Safety and efficacy of ultrasonography as an adjunct to fluoroscopy for renal access in percutaneous nephrolithotomy (PCNL)

Affiliations
Randomized Controlled Trial

Safety and efficacy of ultrasonography as an adjunct to fluoroscopy for renal access in percutaneous nephrolithotomy (PCNL)

Mayank Agarwal et al. BJU Int. 2011 Oct.

Abstract

Objective: • To evaluate the safety and efficacy of ultrasonography (US)-guided renal access in percutaneous nephrolithotomy (PCNL), as compared with conventional fluoroscopy-guided renal access in a prospective randomized trial.

Patients and methods: • From January 2008 to October 2009, 224 patients with renal calculi undergoing PCNL were randomized into two groups. • Group 1 (112 patients) underwent PCNL using only fluoroscopy-guided renal access; while in group 2 (112 patients), US guidance for puncture was used in addition to fluoroscopy. • The inclusion criteria were: normal renal functions, American Society of Anesthesiology scores 1 or 2, absence of congenital abnormalities, aged 15-70 years, and anticipated single-tract procedure. The patients in both groups were matched for age, sex, and stone characteristics. • The Student t-test was used for statistical analysis with an allowable error of 5%.

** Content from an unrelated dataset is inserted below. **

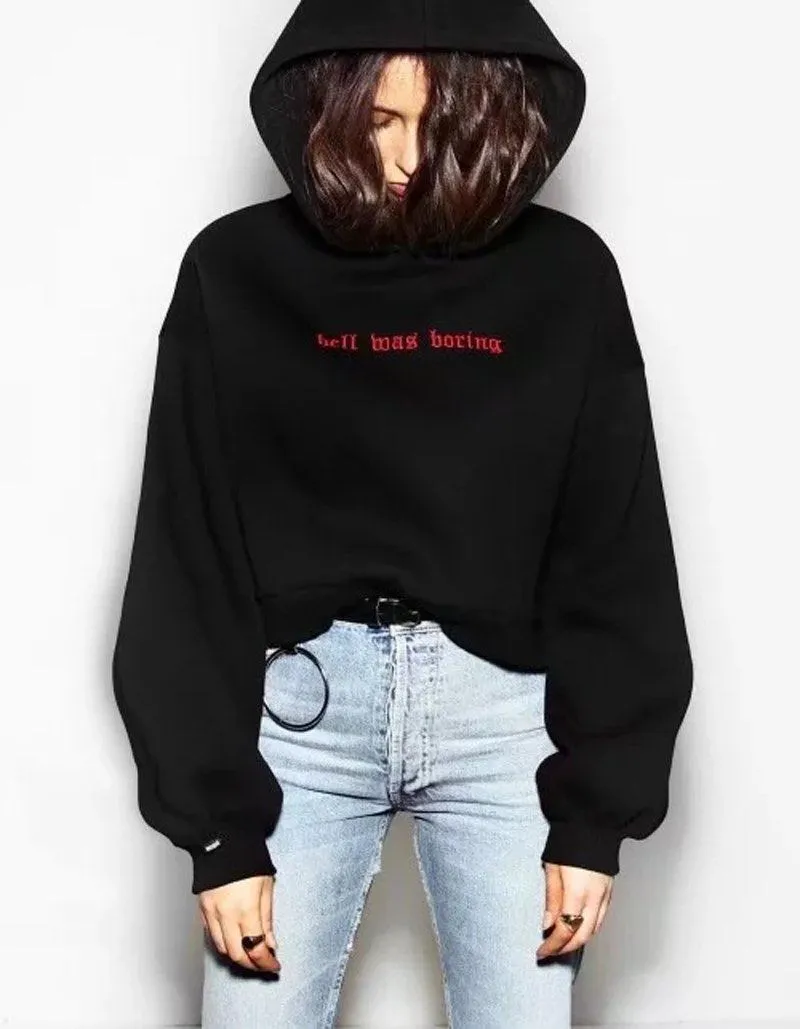 'Hell was boring' Crop Hoodie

Results: • The mean time to successful puncture was 3.2 min and 1.8 min in group 1 and group 2, respectively (P < 0.01). • The mean duration of radiation exposure to successful puncture was 28.6 s in group 1 and 14.4 s in group 2 (P < 0.01). • The mean numbers of attempts for successful puncture in the desired calyx was 3.3 in group 1 as compared with 1.5 in group 2 (P < 0.01). • The meantime taken for tract formation in group 1 was 7.4 min with radiation exposure of 82 s, while in group 2 it took 4.8 min with radiation exposure of 58 s (P < 0.01). • Successful access was achieved in all patients. All patients were stone-free at the end of the operation. The hospital stay (2-3 days) was same in both groups. There was no incidence of significant bleeding requiring transfusion during or after surgery. All the patients were followed-up for a ≥ 6 months.

Conclusion: • US-guided puncture in PCNL helps in increasing accuracy of puncture and decreasing radiation exposure for the surgical team and the patients.